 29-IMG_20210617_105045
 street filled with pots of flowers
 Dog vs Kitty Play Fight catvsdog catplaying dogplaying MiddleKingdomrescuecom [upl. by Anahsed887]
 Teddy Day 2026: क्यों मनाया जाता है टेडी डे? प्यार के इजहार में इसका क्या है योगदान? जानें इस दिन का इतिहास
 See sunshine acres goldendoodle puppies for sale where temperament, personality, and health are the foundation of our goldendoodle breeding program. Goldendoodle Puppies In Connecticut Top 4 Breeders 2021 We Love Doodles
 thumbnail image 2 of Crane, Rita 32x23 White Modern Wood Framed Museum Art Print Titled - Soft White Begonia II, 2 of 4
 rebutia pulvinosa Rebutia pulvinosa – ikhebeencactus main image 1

= = =

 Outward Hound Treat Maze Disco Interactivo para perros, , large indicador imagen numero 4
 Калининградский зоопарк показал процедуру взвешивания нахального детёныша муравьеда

= = =

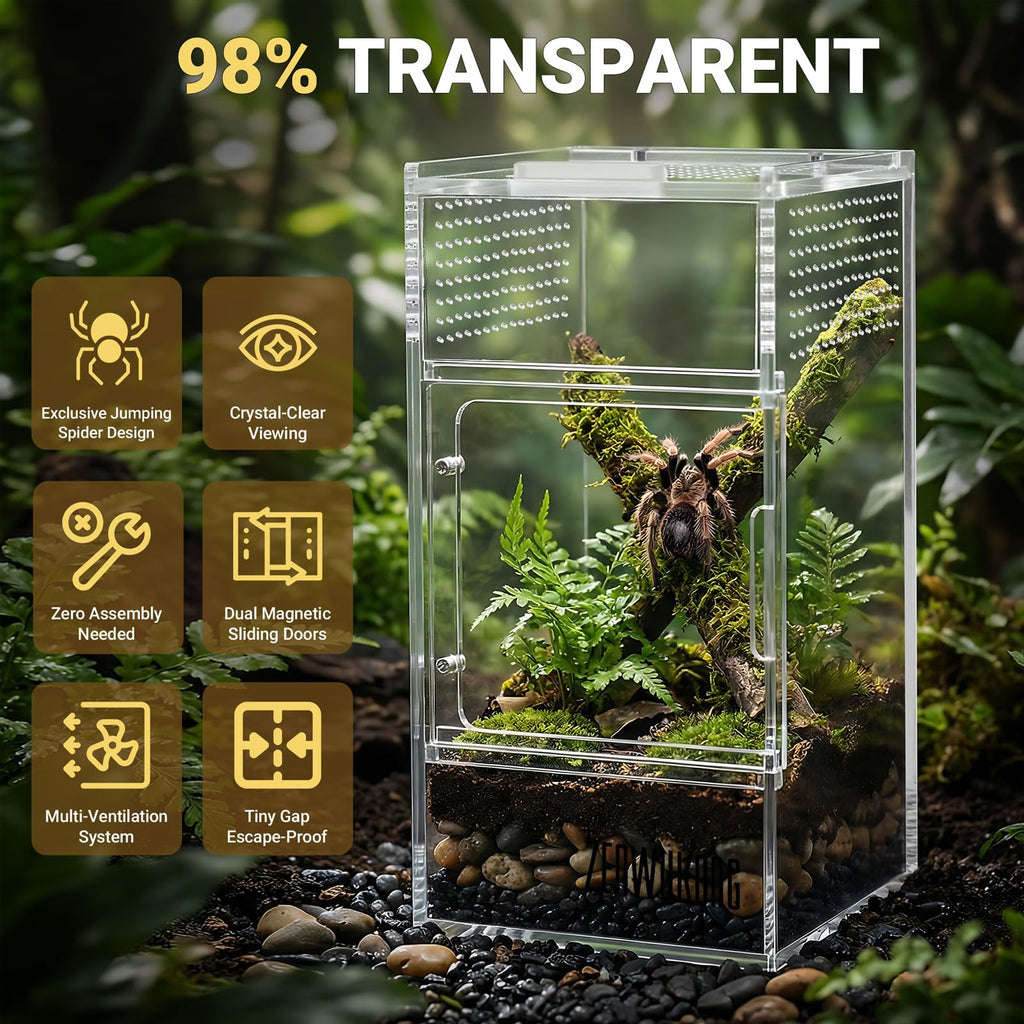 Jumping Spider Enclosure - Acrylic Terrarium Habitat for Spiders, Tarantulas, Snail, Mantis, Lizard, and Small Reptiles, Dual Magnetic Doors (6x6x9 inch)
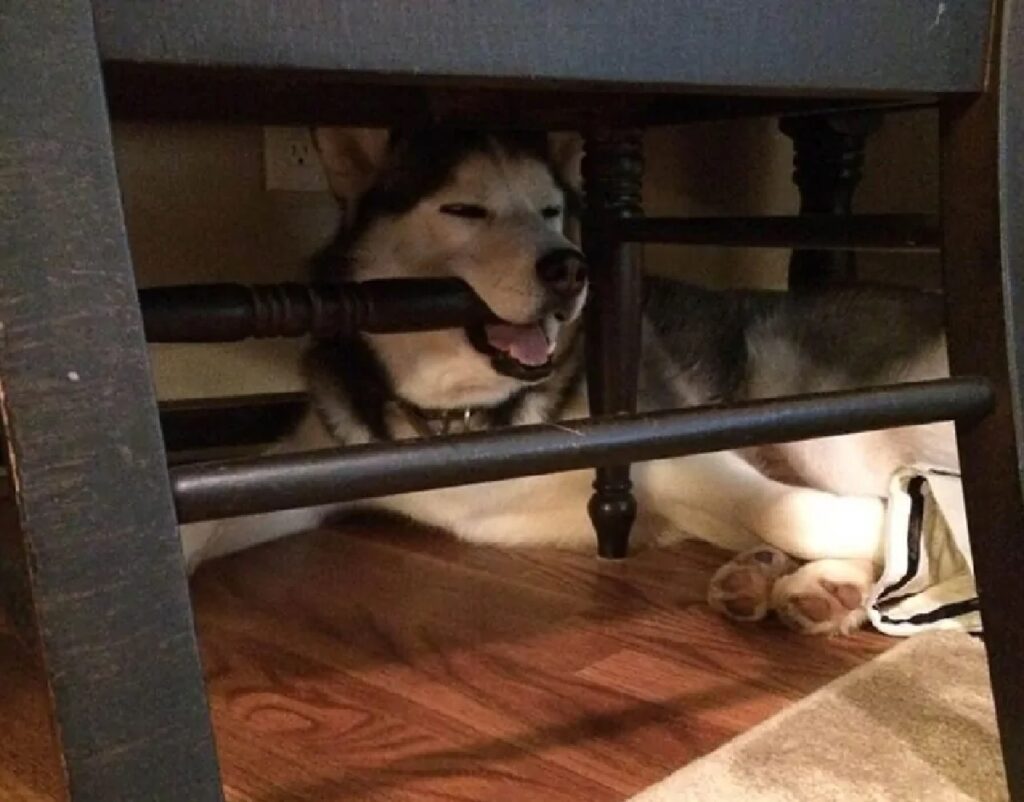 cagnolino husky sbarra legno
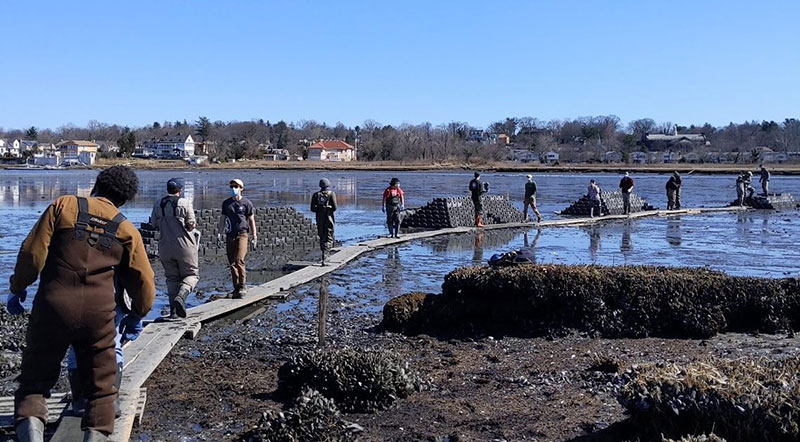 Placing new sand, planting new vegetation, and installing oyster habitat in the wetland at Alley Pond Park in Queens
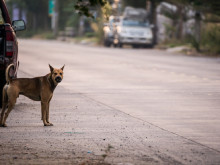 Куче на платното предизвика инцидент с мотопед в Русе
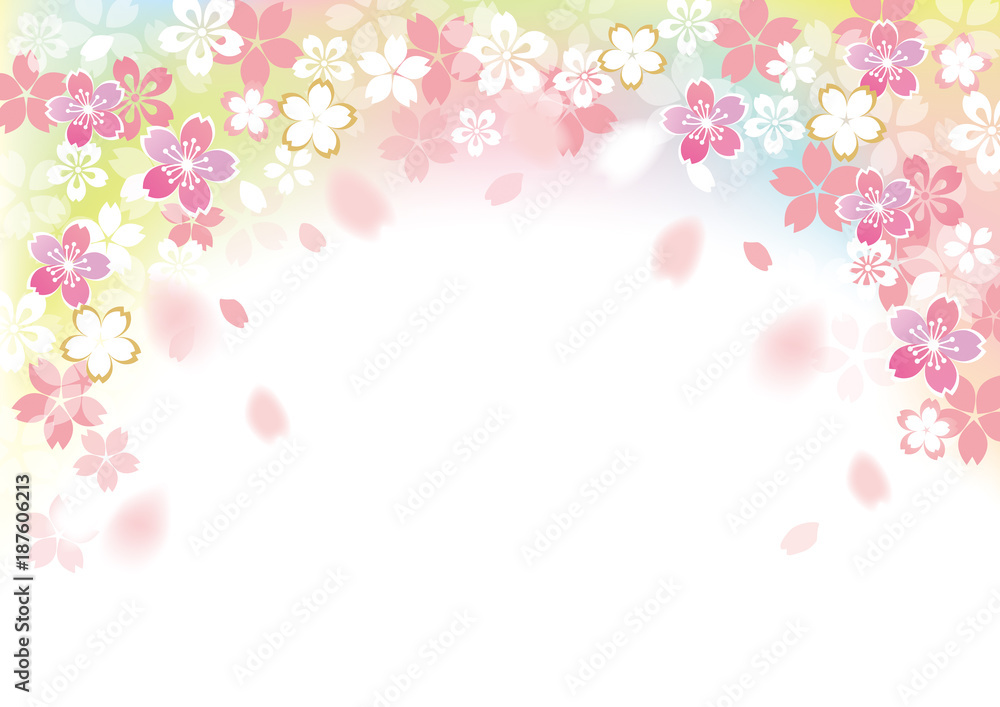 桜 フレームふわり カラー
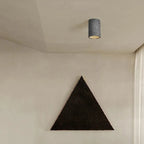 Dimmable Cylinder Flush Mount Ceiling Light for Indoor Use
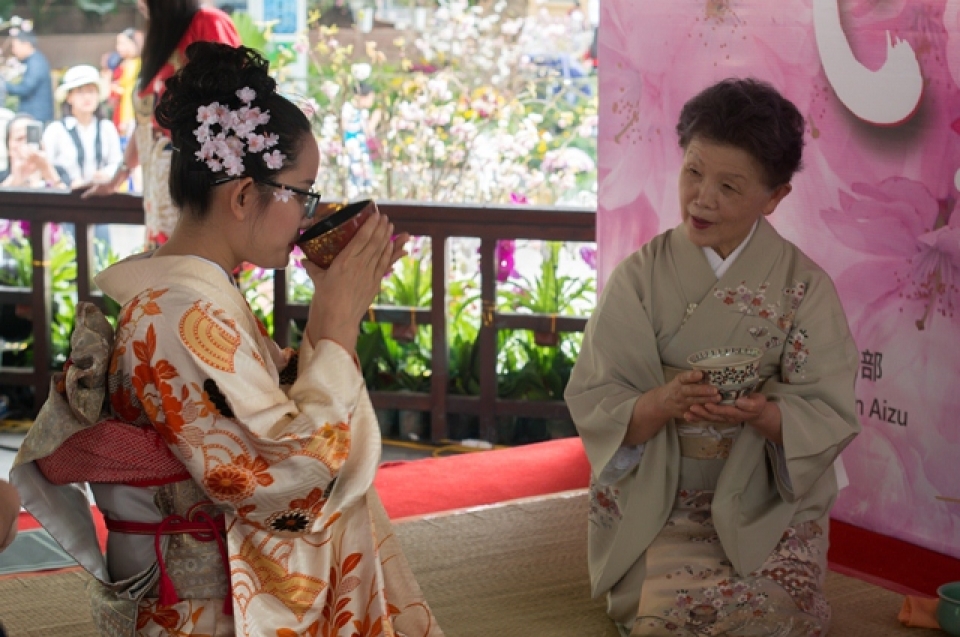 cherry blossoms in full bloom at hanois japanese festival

= = =

Find the line with "29-IMG_20210617_105045" in the entries above. Retype it and each line after it, exactly, through the line with "rebutia pulvinosa Rebutia", and stop there.

- _RESULT_:
 29-IMG_20210617_105045
 street filled with pots of flowers
 Dog vs Kitty Play Fight catvsdog catplaying dogplaying MiddleKingdomrescuecom [upl. by Anahsed887]
 Teddy Day 2026: क्यों मनाया जाता है टेडी डे? प्यार के इजहार में इसका क्या है योगदान? जानें इस दिन का इतिहास
 See sunshine acres goldendoodle puppies for sale where temperament, personality, and health are the foundation of our goldendoodle breeding program. Goldendoodle Puppies In Connecticut Top 4 Breeders 2021 We Love Doodles
 thumbnail image 2 of Crane, Rita 32x23 White Modern Wood Framed Museum Art Print Titled - Soft White Begonia II, 2 of 4
 rebutia pulvinosa Rebutia pulvinosa – ikhebeencactus main image 1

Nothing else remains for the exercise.